**Work required:** Please output the following records exactly. Leave every image out.

[Stored items from a collection]
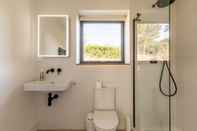 In-room Bathroom Modern 5 Bedroom Home With Garden Panoramic Views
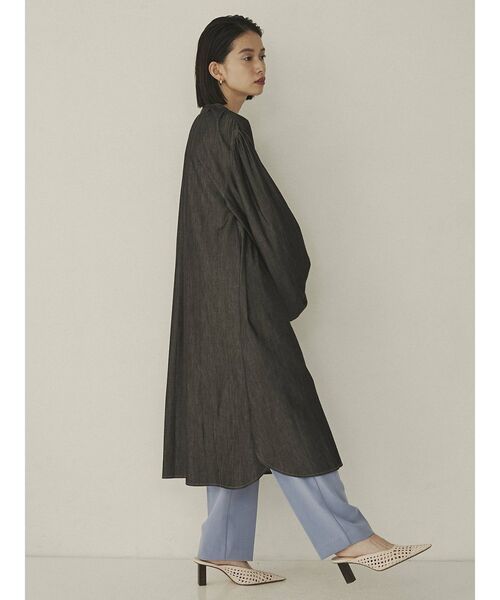 COTORICA（コトリカ）の「【THE DAYZ TOKYO】ボリュームスリーブデニムワンピース（ワンピース・レディース・ブラック/ネイビー・SMALL/MEDIUM）」の3枚目の写真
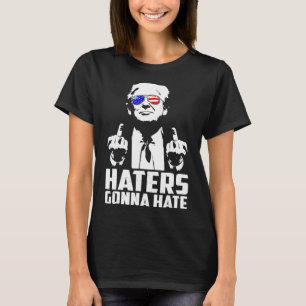 Camiseta Deuses Engraçados dos Dedos do Meio Vão Odiar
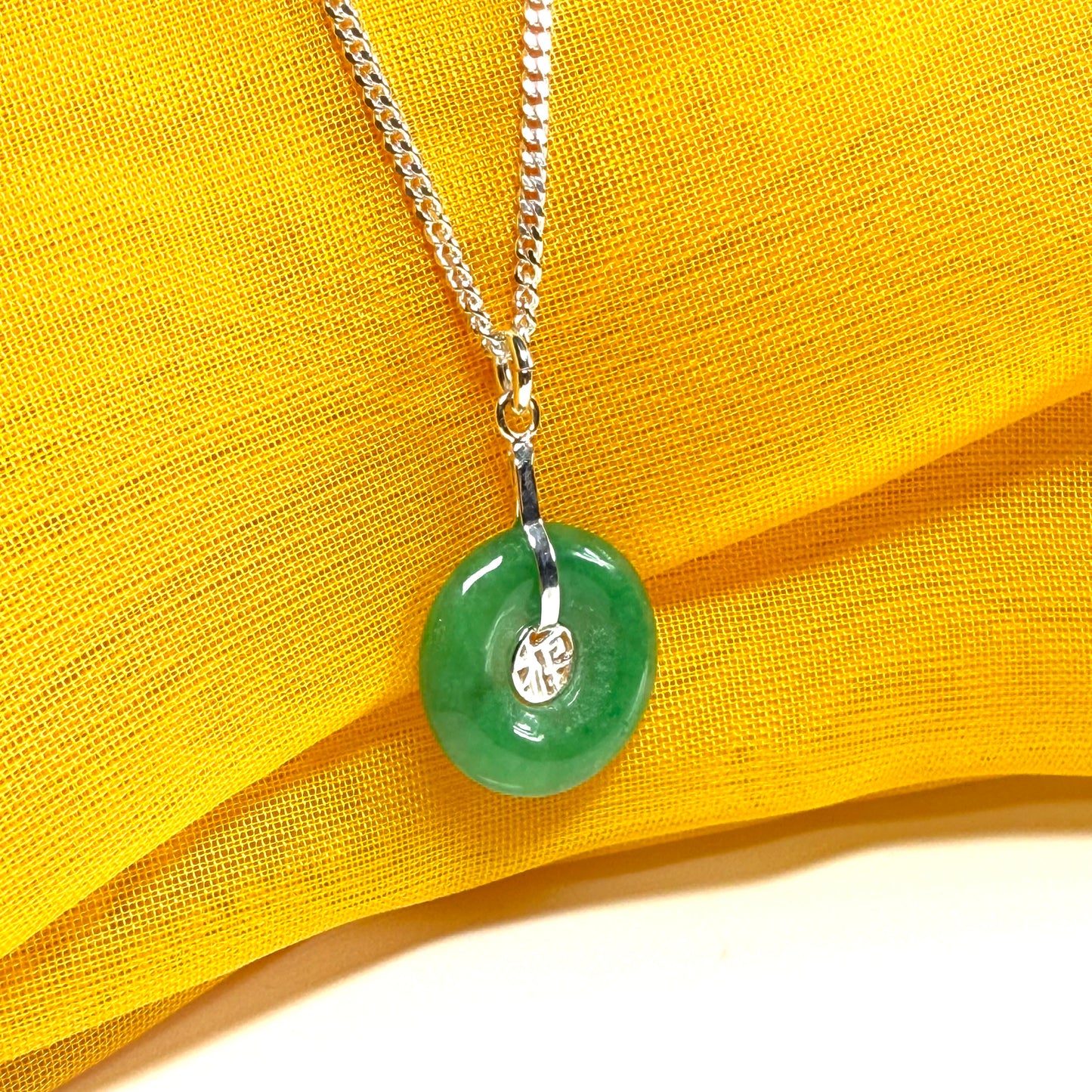 Real green round jade necklace sterling silver, simply stunning pendant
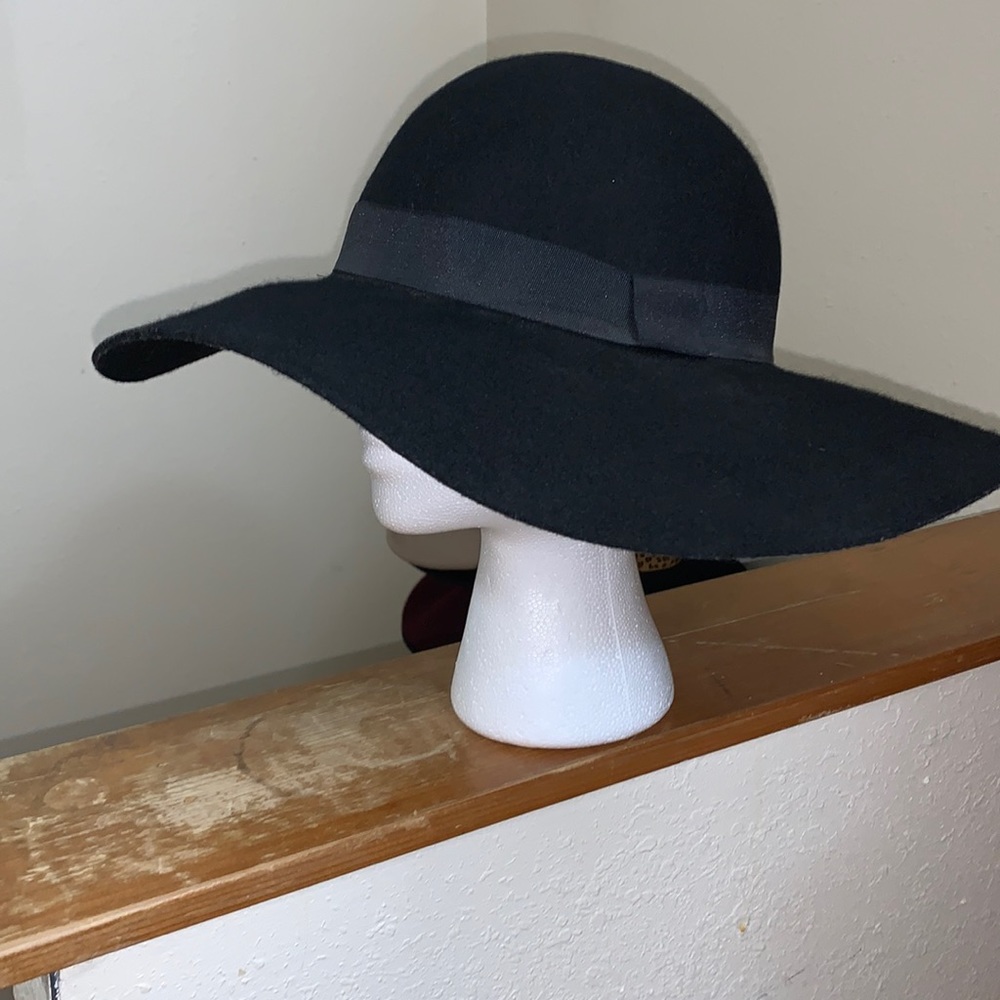 Black felt floppy hat
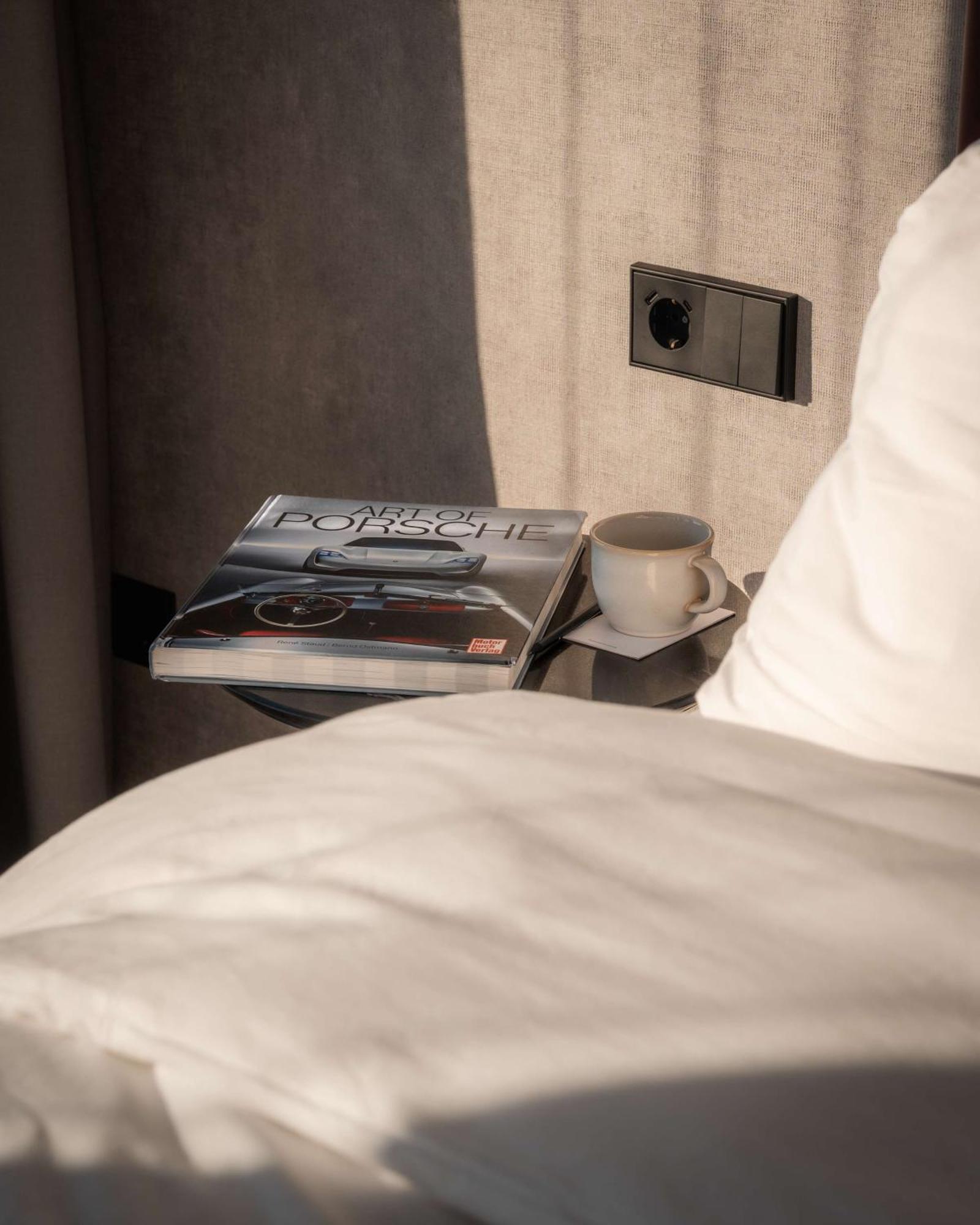 Radisson Blu Hotel At Porsche Design Tower สตุตการ์ต ภายนอก รูปภาพ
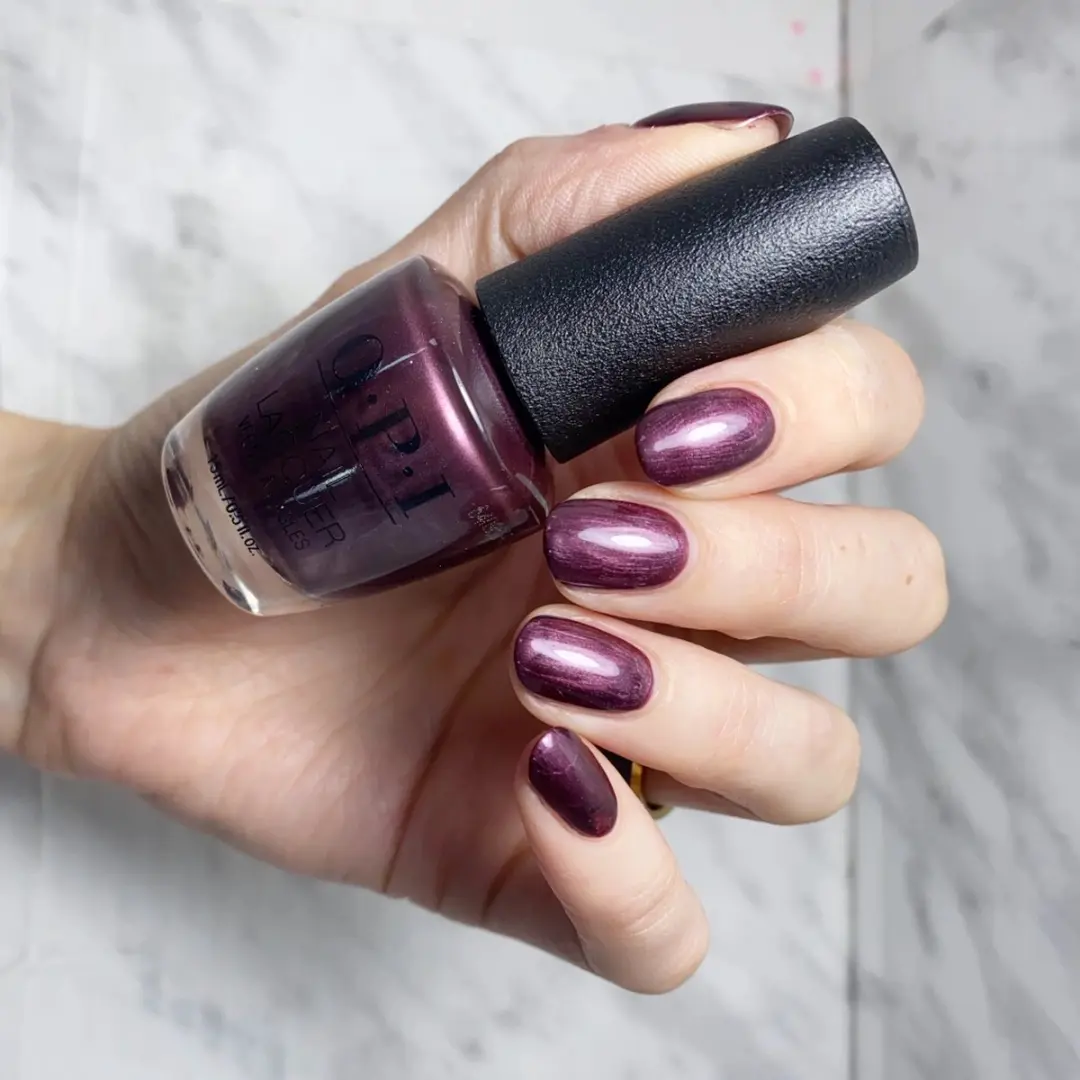 O.P.I. Nagellak Vampsterdam - Paars NL H63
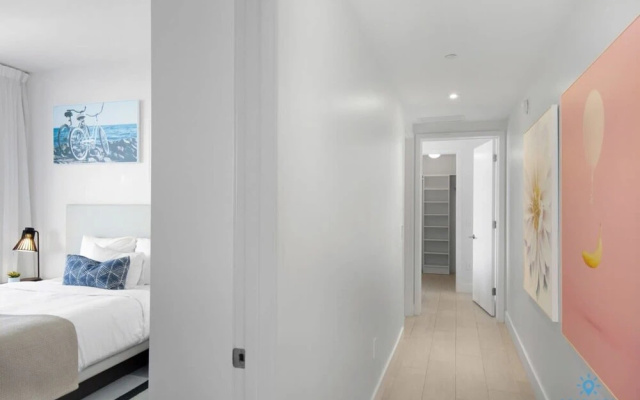 photo 3 of Bayview Luxury: 3BR Pools Oceanfront Amenities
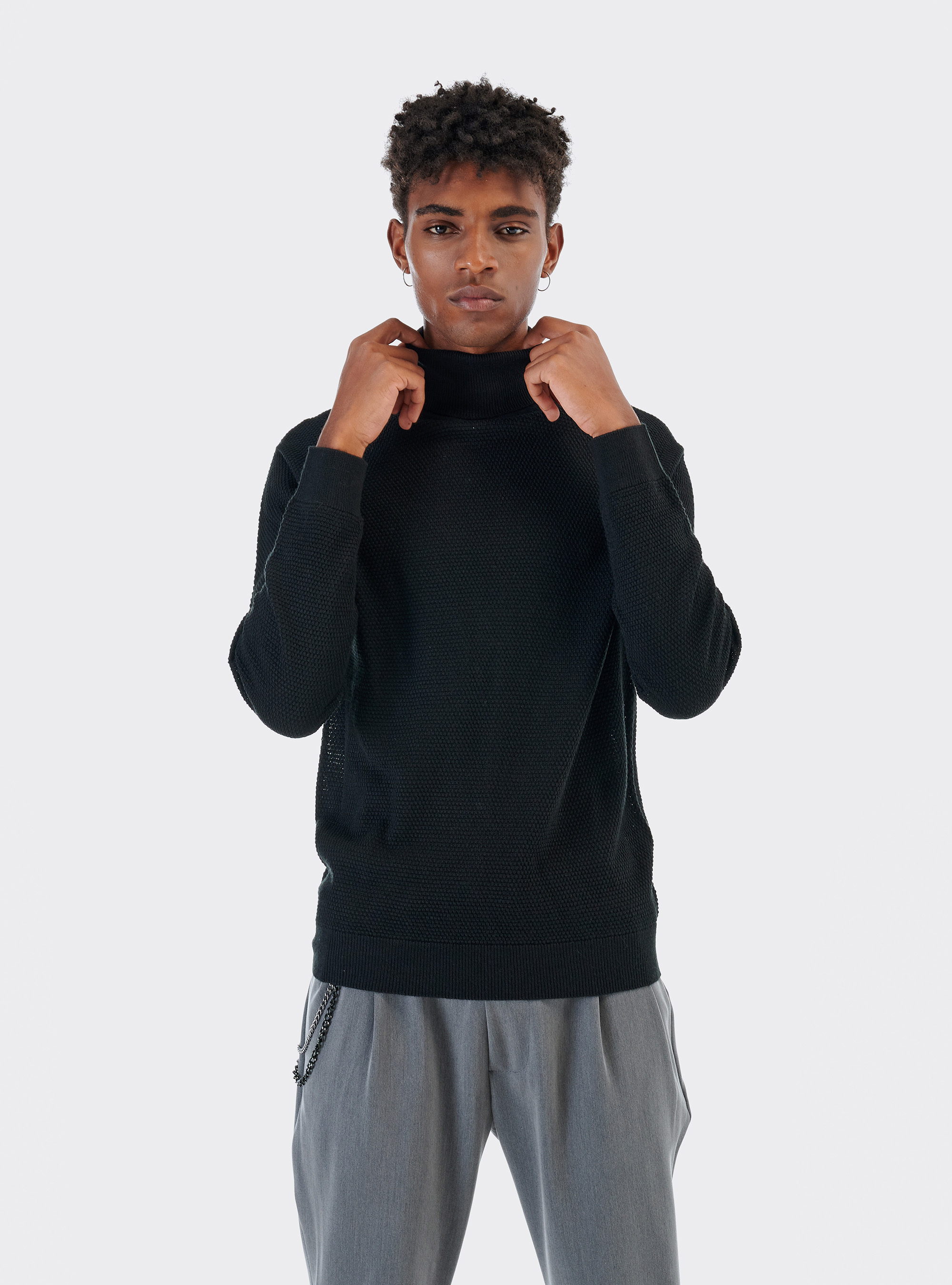 Pull col montant avec point de riz en laine mélangée, C101 BLACK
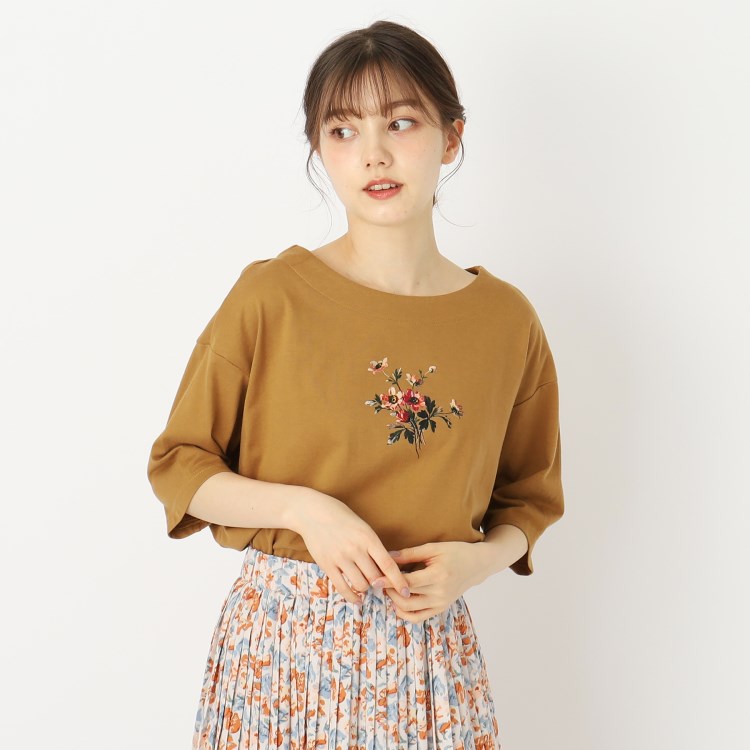 ローラアシュレイ(LAURA ASHLEY)の【5分袖/洗える/USAコットン100%】バンチドフラワープリントＴシャツ Ｔシャツ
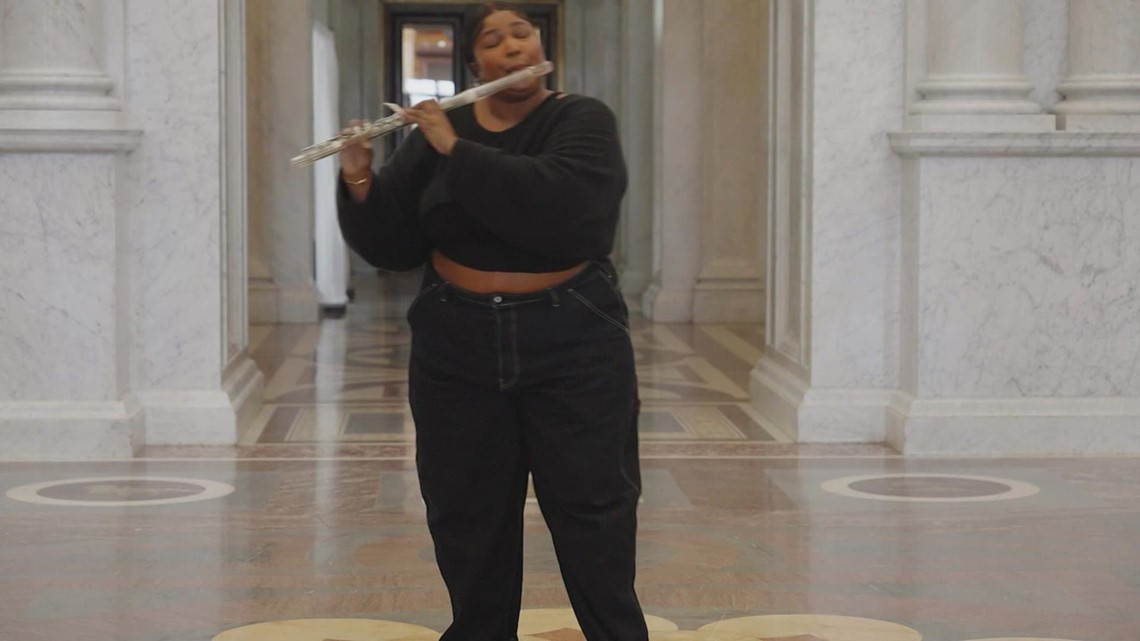 Lizzo plays James Madison's 200-year-old crystal flute on stage in D.C.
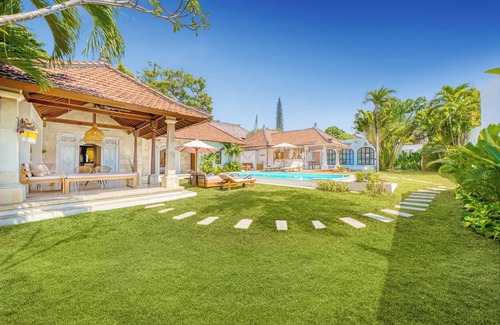 Laksmana Villa | Villa Cologne - 7BDR, 2 pools, garden, near beach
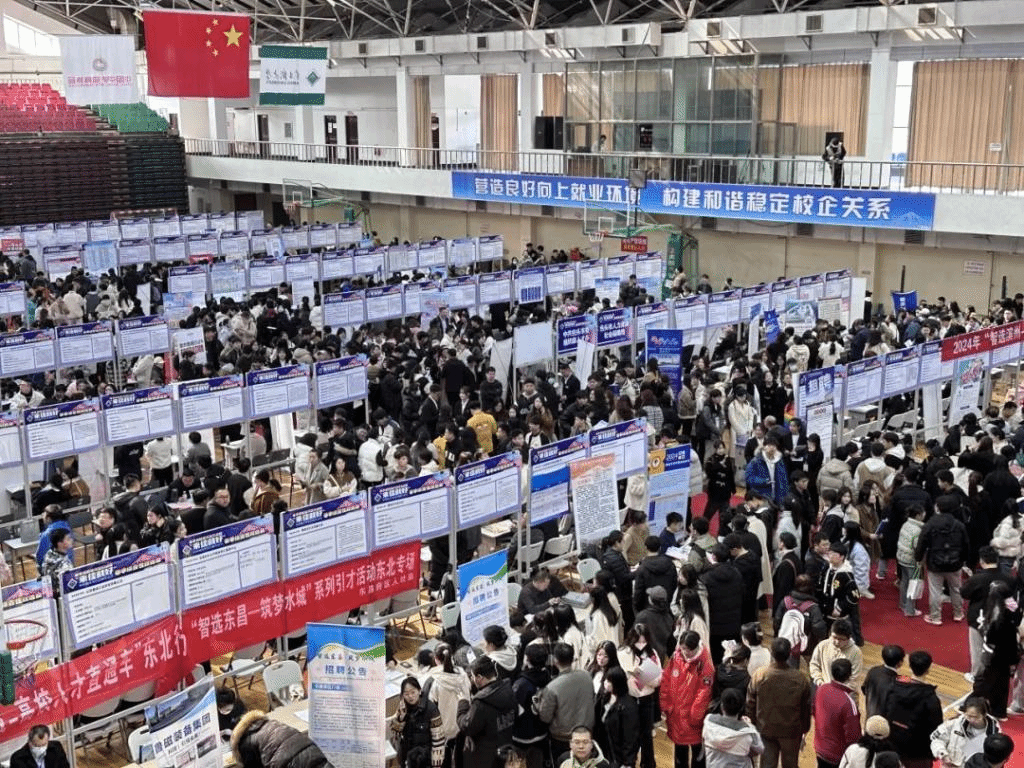 信息電子技術(shù)學(xué)院積極組織畢業(yè)生參加佳木斯大學(xué)2024屆春季綜合雙選會(huì)，助力學(xué)子對(duì)接江蘇信息技術(shù)咨詢服務(wù)產(chǎn)業(yè)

**Response below:**
 In-room Bathroom Modern 5 Bedroom Home With Garden Panoramic Views
 COTORICA（コトリカ）の「【THE DAYZ TOKYO】ボリュームスリーブデニムワンピース（ワンピース・レディース・ブラック/ネイビー・SMALL/MEDIUM）」の3枚目の写真
 Camiseta Deuses Engraçados dos Dedos do Meio Vão Odiar
 Real green round jade necklace sterling silver, simply stunning pendant
 Black felt floppy hat
 Radisson Blu Hotel At Porsche Design Tower สตุตการ์ต ภายนอก รูปภาพ
 O.P.I. Nagellak Vampsterdam - Paars NL H63
 photo 3 of Bayview Luxury: 3BR Pools Oceanfront Amenities
 Pull col montant avec point de riz en laine mélangée, C101 BLACK
 ローラアシュレイ(LAURA ASHLEY)の【5分袖/洗える/USAコットン100%】バンチドフラワープリントＴシャツ Ｔシャツ
 Lizzo plays James Madison's 200-year-old crystal flute on stage in D.C.
 Laksmana Villa | Villa Cologne - 7BDR, 2 pools, garden, near beach
 信息電子技術(shù)學(xué)院積極組織畢業(yè)生參加佳木斯大學(xué)2024屆春季綜合雙選會(huì)，助力學(xué)子對(duì)接江蘇信息技術(shù)咨詢服務(wù)產(chǎn)業(yè)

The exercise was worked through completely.